[Record set]:
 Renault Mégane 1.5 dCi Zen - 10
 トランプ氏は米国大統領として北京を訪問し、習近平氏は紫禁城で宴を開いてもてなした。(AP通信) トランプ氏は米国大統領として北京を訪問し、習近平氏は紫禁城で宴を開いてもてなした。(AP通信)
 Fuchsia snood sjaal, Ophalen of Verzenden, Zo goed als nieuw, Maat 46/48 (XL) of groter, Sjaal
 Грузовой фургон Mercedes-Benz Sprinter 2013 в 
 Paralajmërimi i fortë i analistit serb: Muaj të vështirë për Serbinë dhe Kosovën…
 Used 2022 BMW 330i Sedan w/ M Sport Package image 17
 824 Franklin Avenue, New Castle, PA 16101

* * *

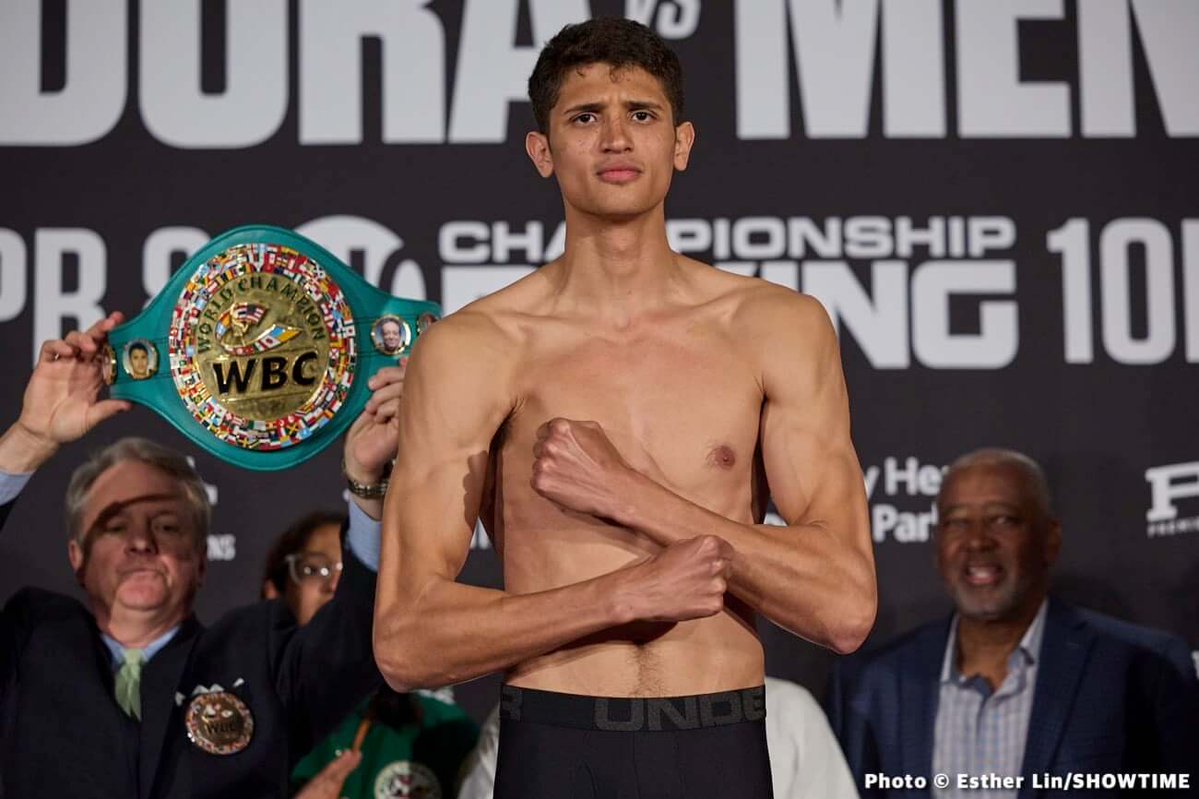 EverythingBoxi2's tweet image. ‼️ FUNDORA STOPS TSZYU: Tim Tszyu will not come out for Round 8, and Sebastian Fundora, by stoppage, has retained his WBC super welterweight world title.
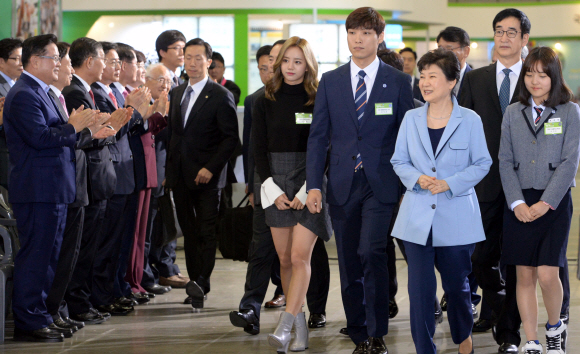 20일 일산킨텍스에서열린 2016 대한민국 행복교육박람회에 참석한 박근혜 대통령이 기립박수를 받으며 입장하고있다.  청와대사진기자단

--

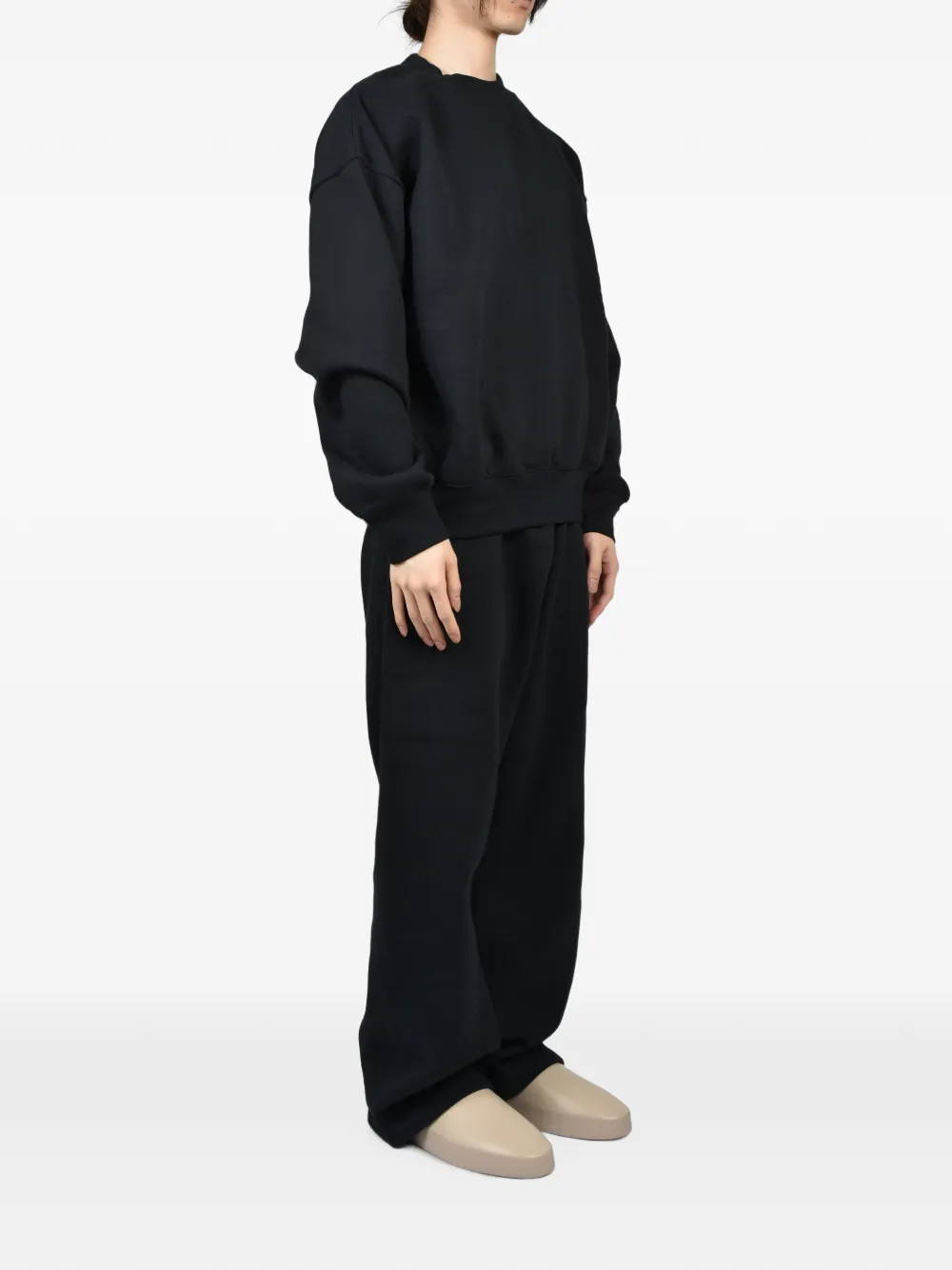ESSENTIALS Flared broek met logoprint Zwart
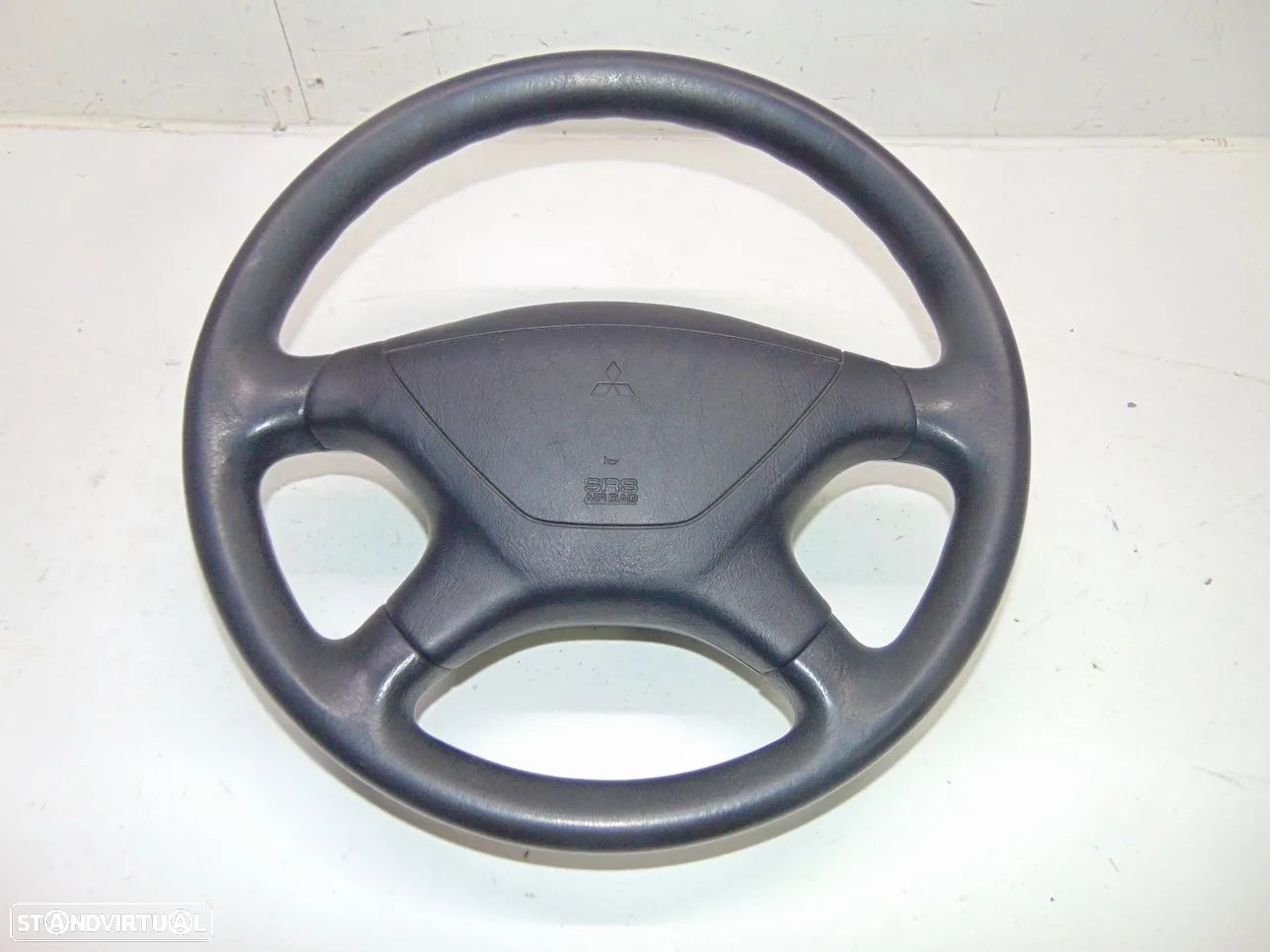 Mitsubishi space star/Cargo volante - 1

[Problem]:
Your answer should be the exact lines above from the one with "Renault Mégane 1.5 dCi Zen - 10" through the one with "824 Franklin Avenue, New Castle, PA 16101", both included, and nothing besides.

[Exercise solution]:
 Renault Mégane 1.5 dCi Zen - 10
 トランプ氏は米国大統領として北京を訪問し、習近平氏は紫禁城で宴を開いてもてなした。(AP通信) トランプ氏は米国大統領として北京を訪問し、習近平氏は紫禁城で宴を開いてもてなした。(AP通信)
 Fuchsia snood sjaal, Ophalen of Verzenden, Zo goed als nieuw, Maat 46/48 (XL) of groter, Sjaal
 Грузовой фургон Mercedes-Benz Sprinter 2013 в 
 Paralajmërimi i fortë i analistit serb: Muaj të vështirë për Serbinë dhe Kosovën…
 Used 2022 BMW 330i Sedan w/ M Sport Package image 17
 824 Franklin Avenue, New Castle, PA 16101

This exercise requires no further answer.